Donna non sposata risarcita per la morte del compagno: «Il dolore è lo stesso».
(Luca Petermaier - Trentino) Non c'è differenza tra il dolore di una vedova e quello di una donna a cui è morto il compagno. Il matrimonio? Per il tribunale non conta. E così una donna che perse l'uomo con cui conviveva more uxorio in un tragico incidente stradale a Livo, in val di Non, ha ottenuto dal giudice lo stesso risarcimento spettante al coniuge, tabelle alla mano: 190 mila euro. Secondo il giudice Giulio Adilardi, che ha firmato la sentenza, «deve riconoscersi rilevanza sociale, etica e giuridica alla convivenza».
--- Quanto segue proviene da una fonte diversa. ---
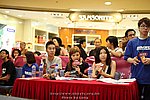 090823_LUNG_0145_resize.JPG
Se confermato anche in appello, il verdetto del tribunale (la sezione è quella distaccata di Cles) potrebbe avere conseguenze giuridiche rilevantissime aprendo le porte ad una sostanziale parificazione dei diritti tra sposati e conviventi, quanto meno in tema di risarcimento del danno.
Insomma, come spesso accade la giustizia sostanziale arriva prima di quella formale. Di fronte alla tragica scomparsa di un padre di famiglia, convivente da anni con una donna dalla quale aveva anche avuto una bimba, il giudice non se l'è sentita di usare un metro di giudizio diverso da quello applicato ai coniugi.
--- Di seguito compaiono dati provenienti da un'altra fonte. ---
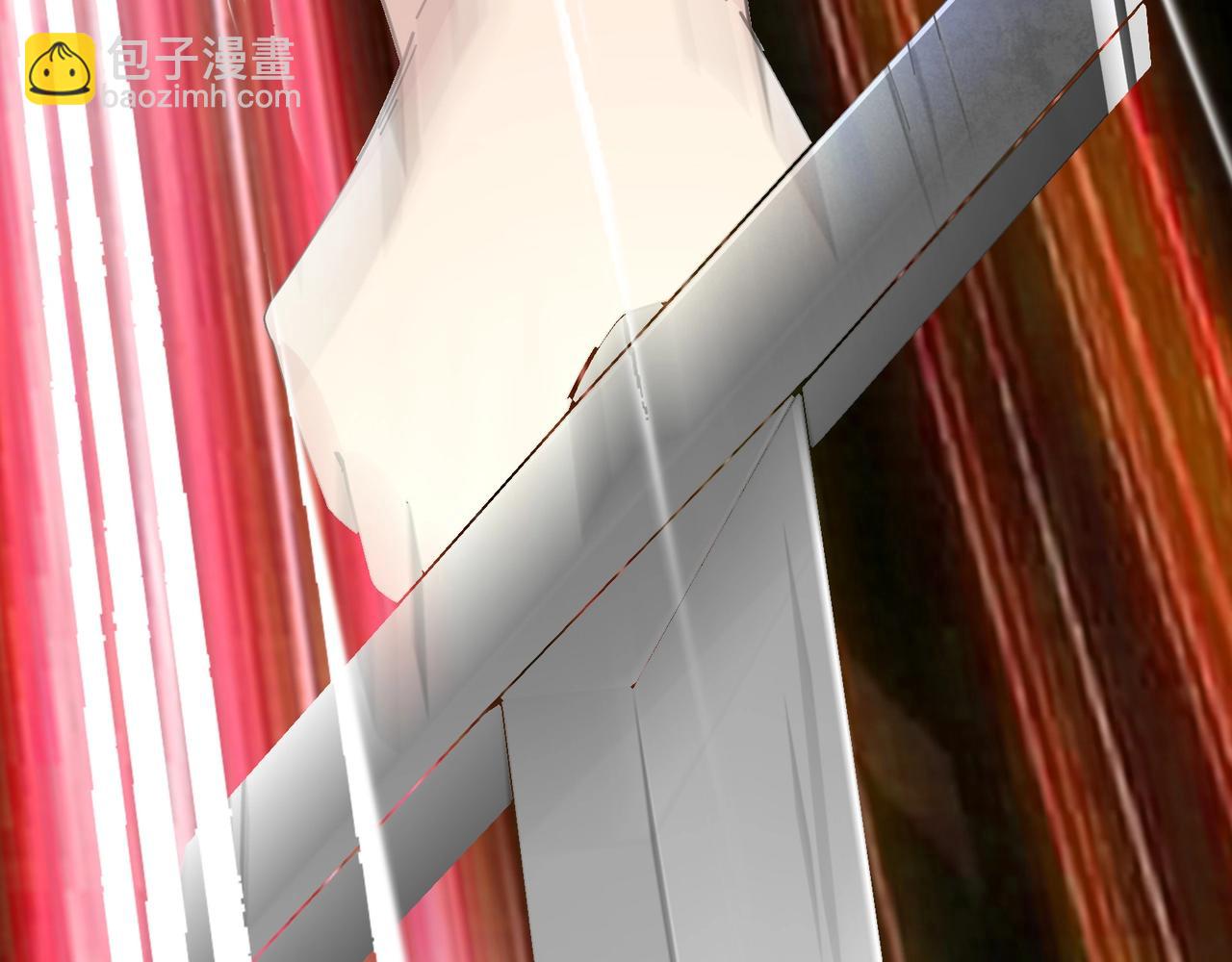 🍘无敌战斗力系统 第7话 装备在手，天下我有！ 第27页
Il caso affrontato dal giudice Adilardi è quello di un operaio di origini lombarde che nell'ottobre di quattro anni fa venne coinvolto in uno spaventoso incidente stradale a Livo. L'auto su cui viaggiava insieme ad un collega sbandò, il conducente ne perse il controllo e il mezzo andò a schiantarsi contro un autocarro proveniente dalla direzione opposta.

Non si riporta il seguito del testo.